Instructions for the task – Could you print exactly the lines from the one that contains "Vintage Unbranded Gold" to the end of the data, both ends included, and nothing else? Skip the pictures.

### Data provided

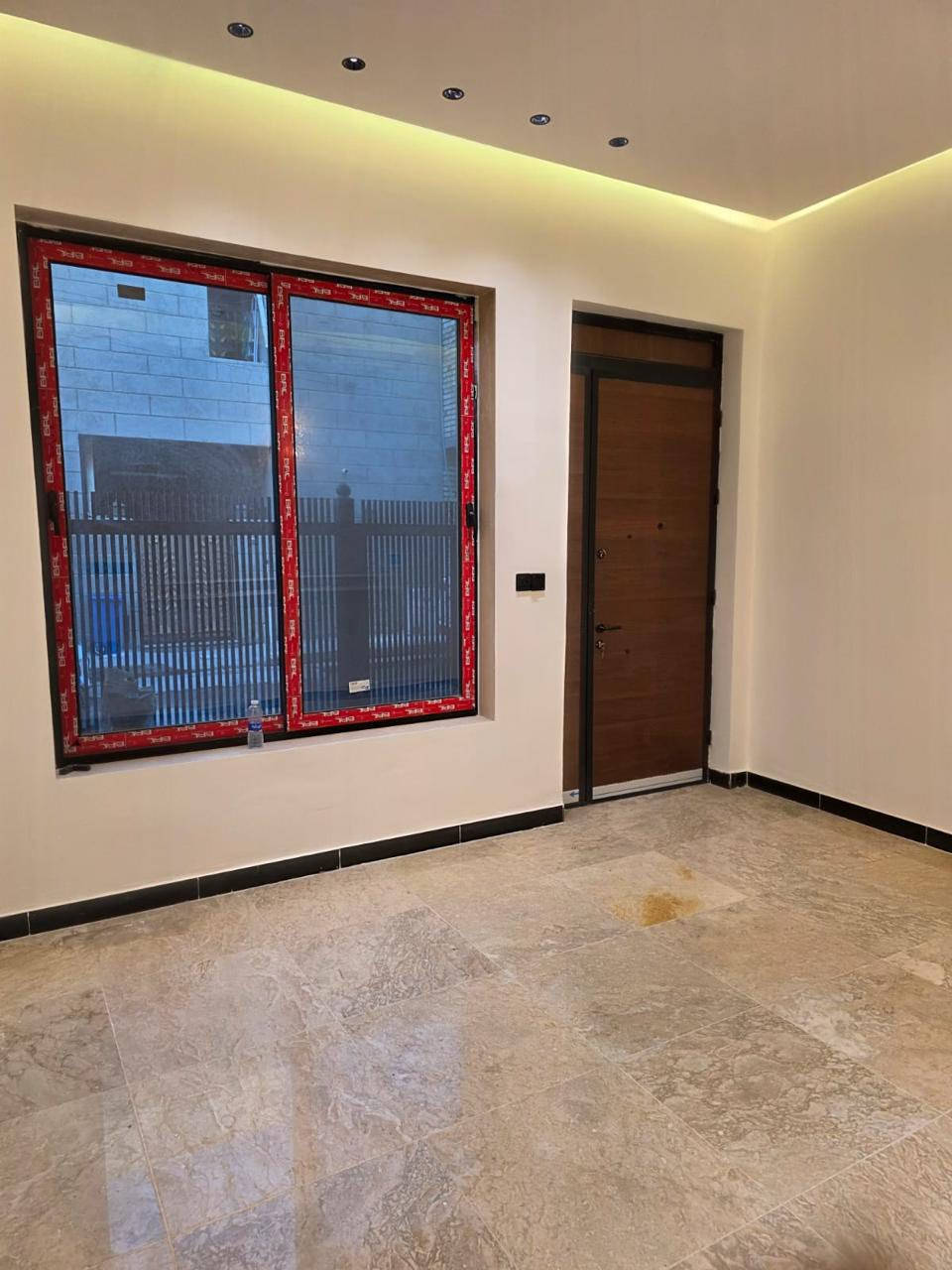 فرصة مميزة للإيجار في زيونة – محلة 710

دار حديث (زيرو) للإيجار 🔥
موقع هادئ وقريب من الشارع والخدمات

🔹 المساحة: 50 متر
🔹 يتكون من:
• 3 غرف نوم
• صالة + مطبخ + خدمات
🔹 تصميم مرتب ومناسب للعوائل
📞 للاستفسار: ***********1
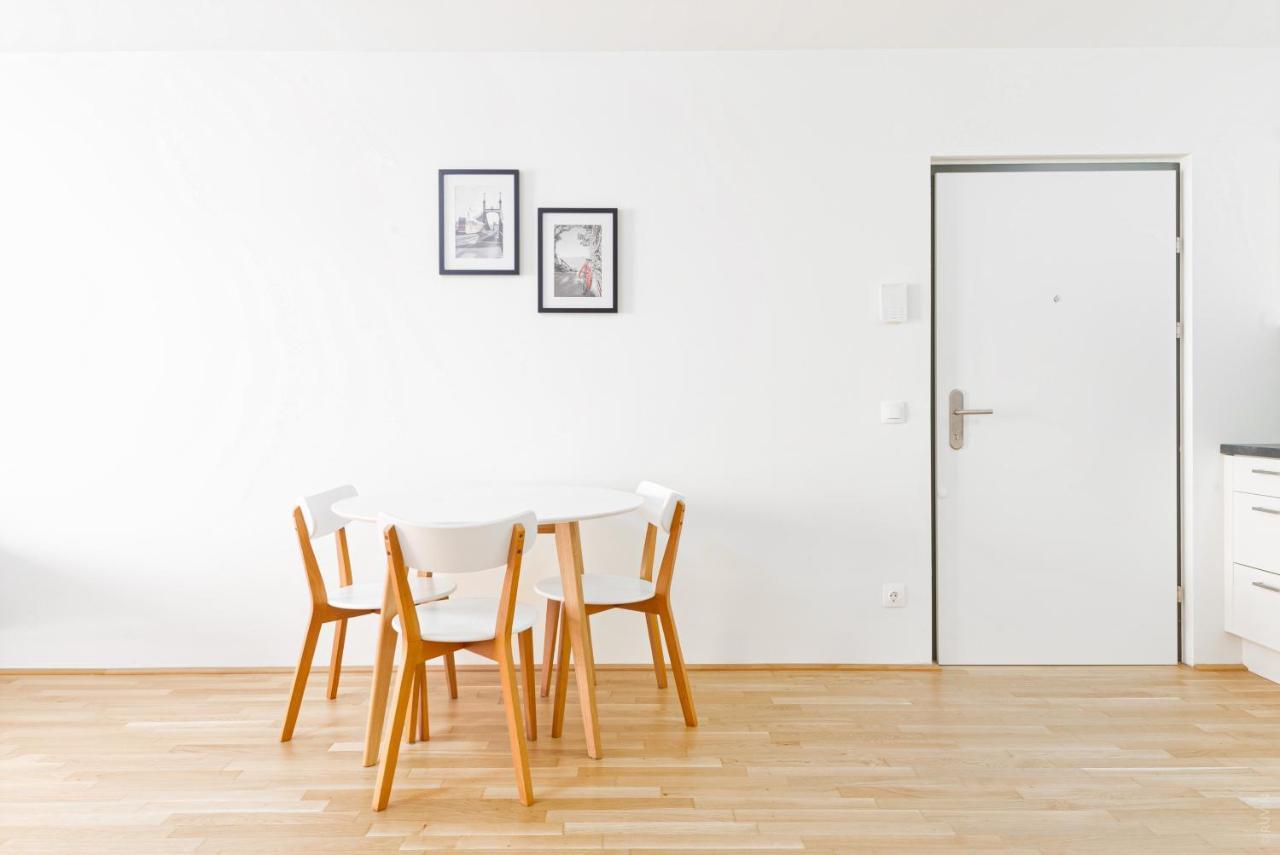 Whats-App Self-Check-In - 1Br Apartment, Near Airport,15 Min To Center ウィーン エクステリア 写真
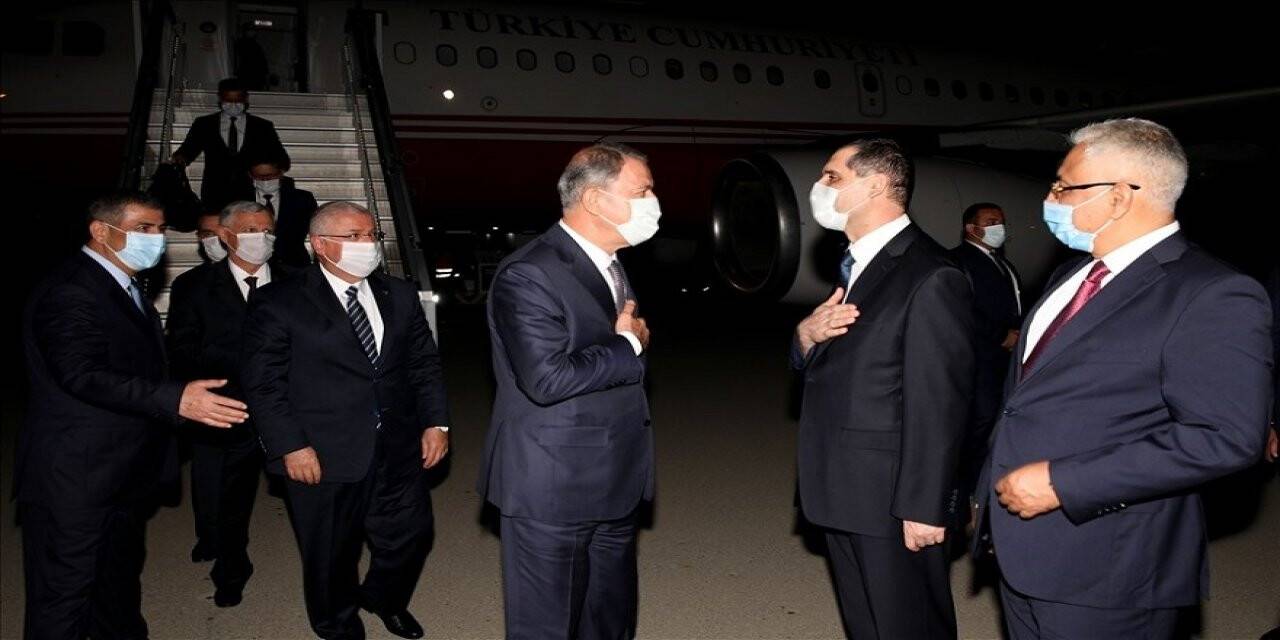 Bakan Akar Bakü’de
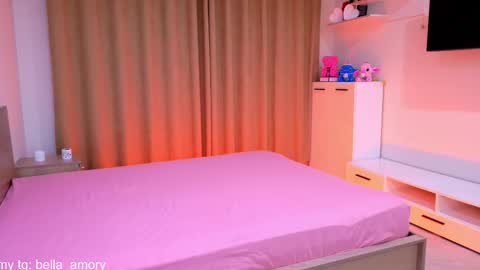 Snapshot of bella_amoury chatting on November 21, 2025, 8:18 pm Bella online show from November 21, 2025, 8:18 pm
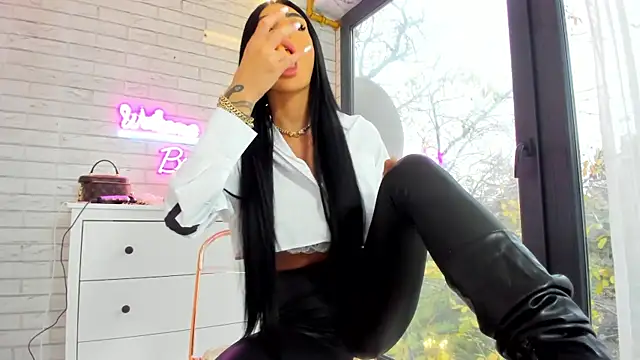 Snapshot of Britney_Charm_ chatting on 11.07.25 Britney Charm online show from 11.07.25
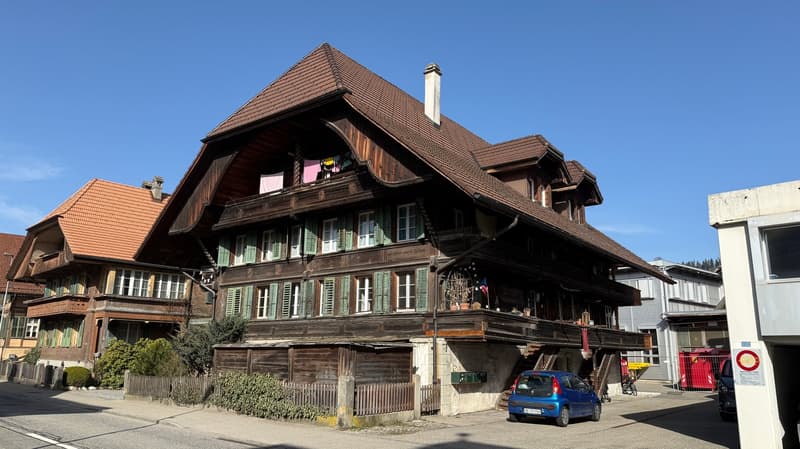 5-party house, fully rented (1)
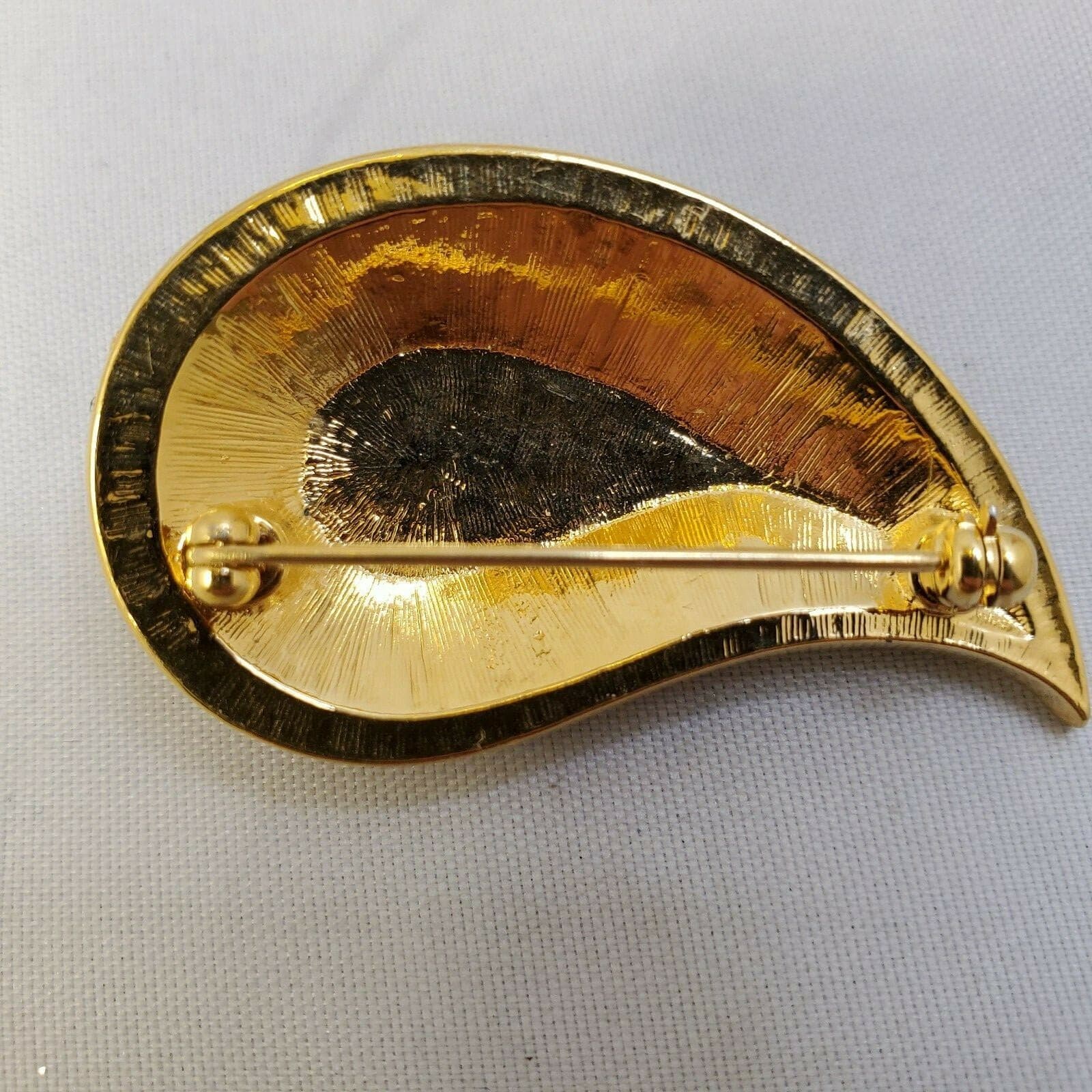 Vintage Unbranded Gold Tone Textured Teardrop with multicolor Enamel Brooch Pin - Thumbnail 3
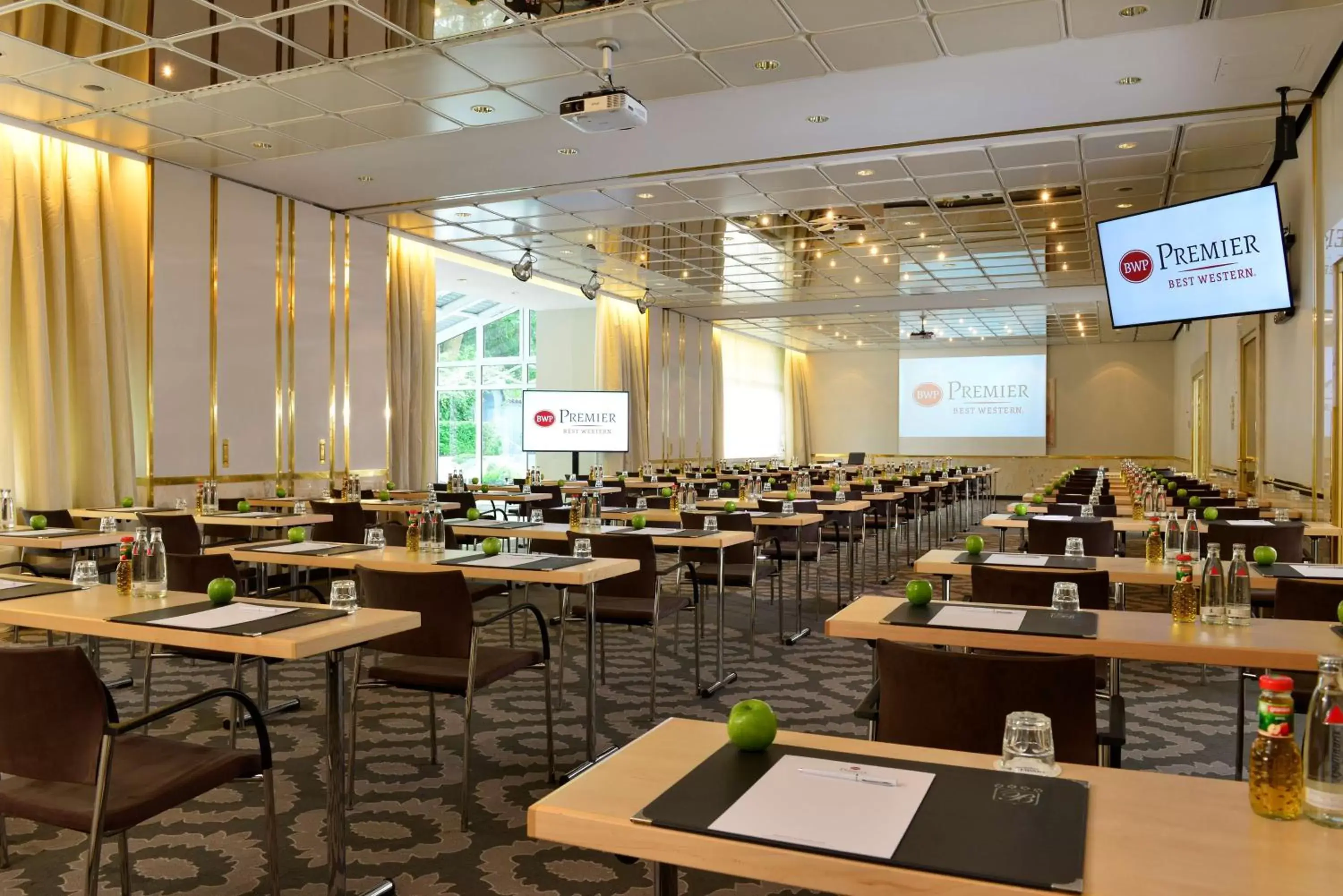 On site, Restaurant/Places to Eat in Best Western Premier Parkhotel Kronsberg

######

Exercise output –
 Vintage Unbranded Gold Tone Textured Teardrop with multicolor Enamel Brooch Pin - Thumbnail 3
 On site, Restaurant/Places to Eat in Best Western Premier Parkhotel Kronsberg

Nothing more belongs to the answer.